I'm not really sure but I will ask my mother . will probably have a answer for you tomorrow. I think Mc Cormick place has a show sometime in february. 
Debbie & mason


----------



## TheHooch (May 9, 2007)

*Douglasville KC Fall Show - Friday, September 21, 2007*
*"The Georgia Classic Cluster"*
*Atlanta Exposition Center "South"* 
3850 Jonesboro Road, Atlanta, GA 

*Jack Onofrio Dog Shows*
*Jack Onofrio Dog Shows, L.L.C.* 


The bus lets off right in from of the complex. 20 minutes from airport and all kind of hotels.

Hooch


----------



## Jazzys Mom (Mar 13, 2007)

I know the Golden Retriever Cluster is in December but don't know the dates. The International Dog Show at McCormick Place is in February.

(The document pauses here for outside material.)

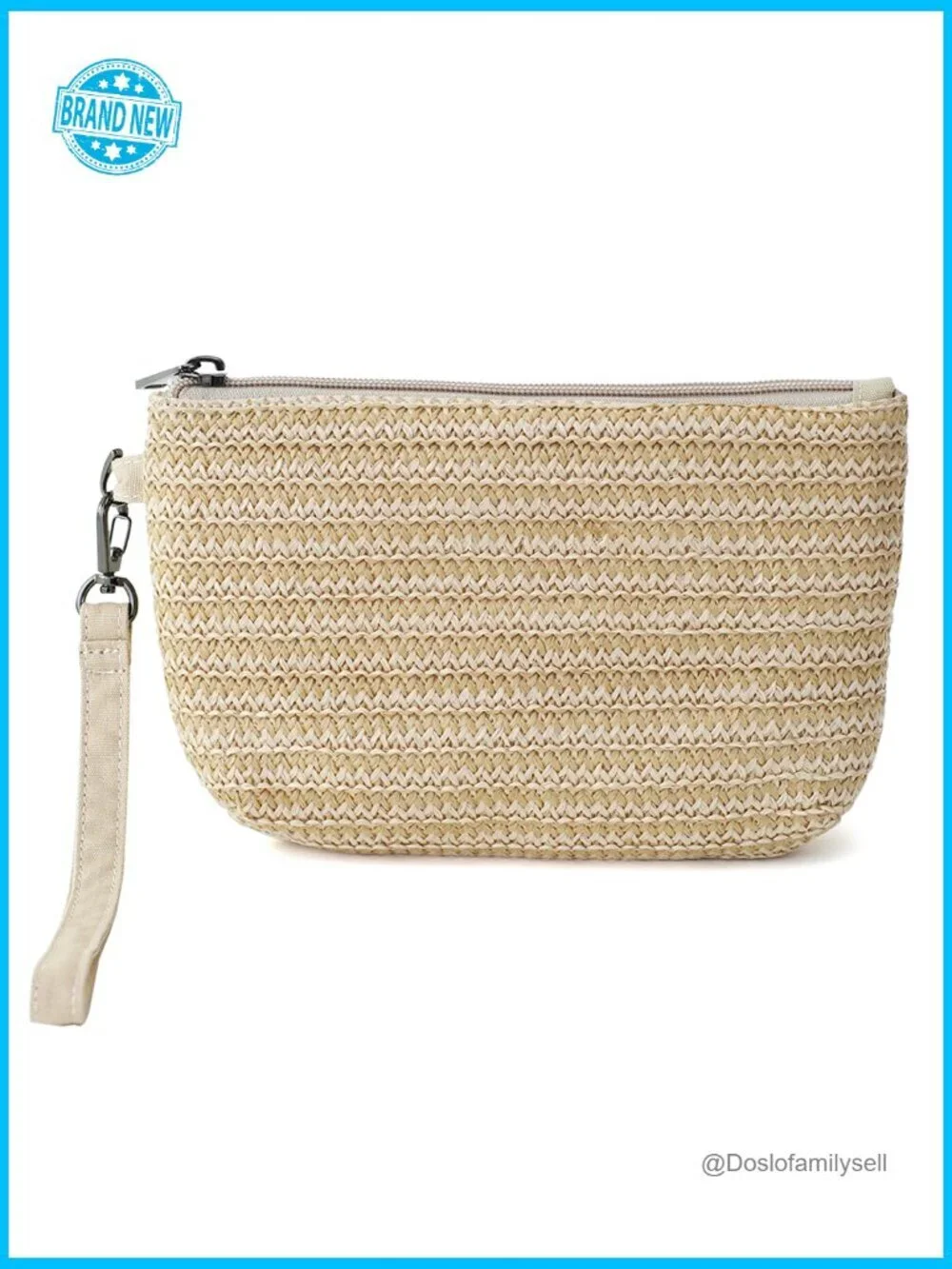 Woven Straw Wristlet Clutch 3-Zip Original Design Wristlet Wallet Handbag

There are probably some smaller shows this fall but since I am no longer showing in conformation I don't know where and when

Jazzys Mom ( and ---- DSlats mom)


----------



## cubbysan (Mar 13, 2007)

How about Boston, MA? Although it would probably be just as easy to drive from Syracuse.

December 6 through 9 at the Bayside Expo Center. It is right on the red line.


----------



## norabrown (Jul 20, 2007)

Jazzys Mom said:


> I know the Golden Retriever Cluster is in December but don't know the dates. The International Dog Show at McCormick Place is in February. There are probably some smaller shows this fall but since I am no longer showing in conformation I don't know where and when
> 
> Jazzys Mom ( and ---- DSlats mom)


What is the "Golden Retriever Cluster" and where is it held?


----------